> **Source material**

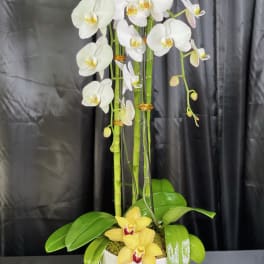 White orchids and yellow orchids in a white pot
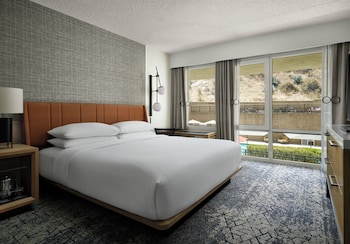 Room, 1 King Bed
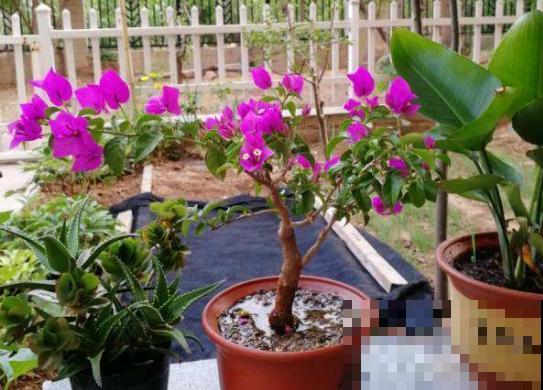 花盆土硬邦邦，加一把“松土剂”，立马松软透气有营养！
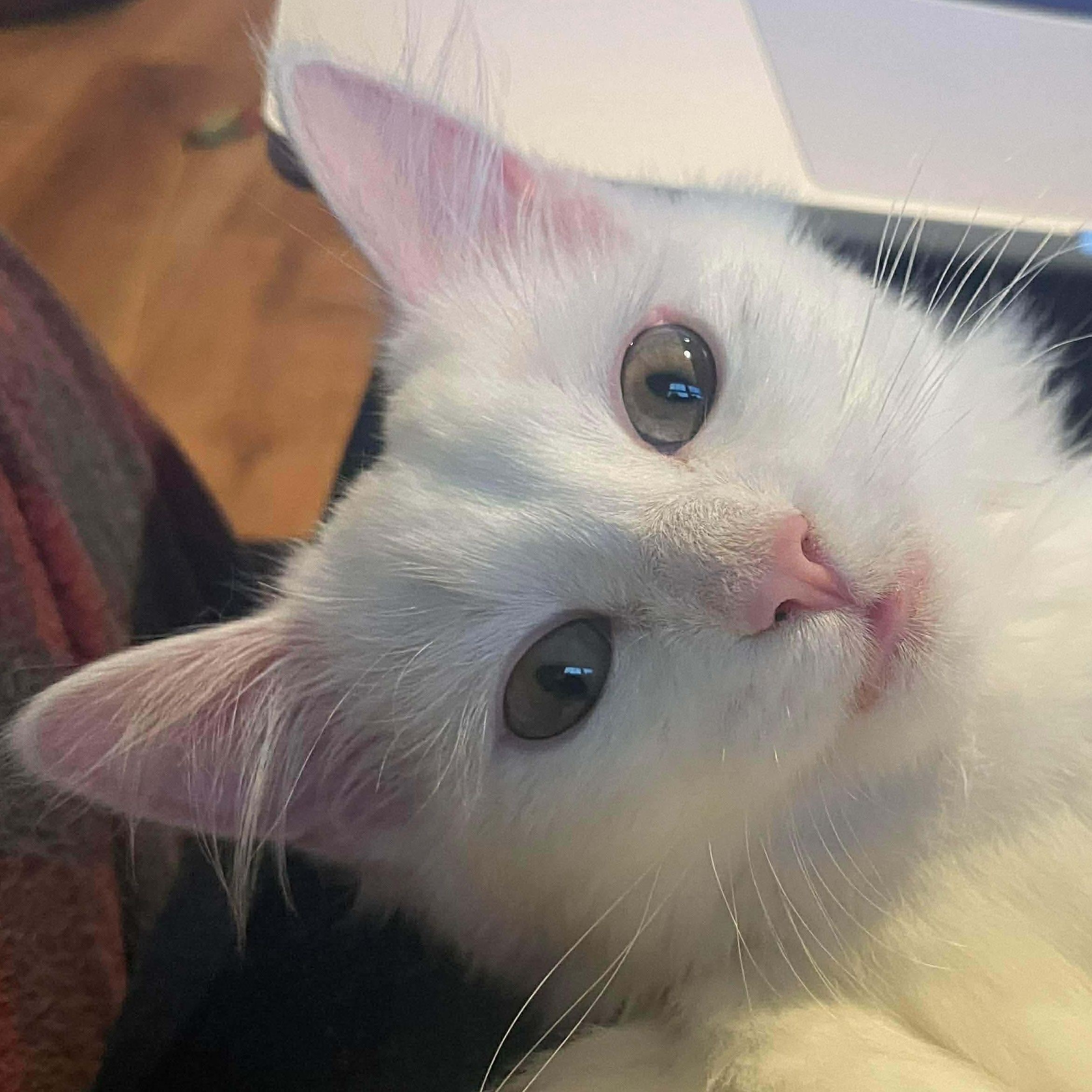 Labubu, ADOPTABLE, Kitten Female Domestic Long Hair.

> **Task details**
Pictures stay out; reproduce exactly the lines from the one containing "Room, 1 King Bed" through the last line of the listing, both included.

> **Exercise solution**
 Room, 1 King Bed
 花盆土硬邦邦，加一把“松土剂”，立马松软透气有营养！
 Labubu, ADOPTABLE, Kitten Female Domestic Long Hair.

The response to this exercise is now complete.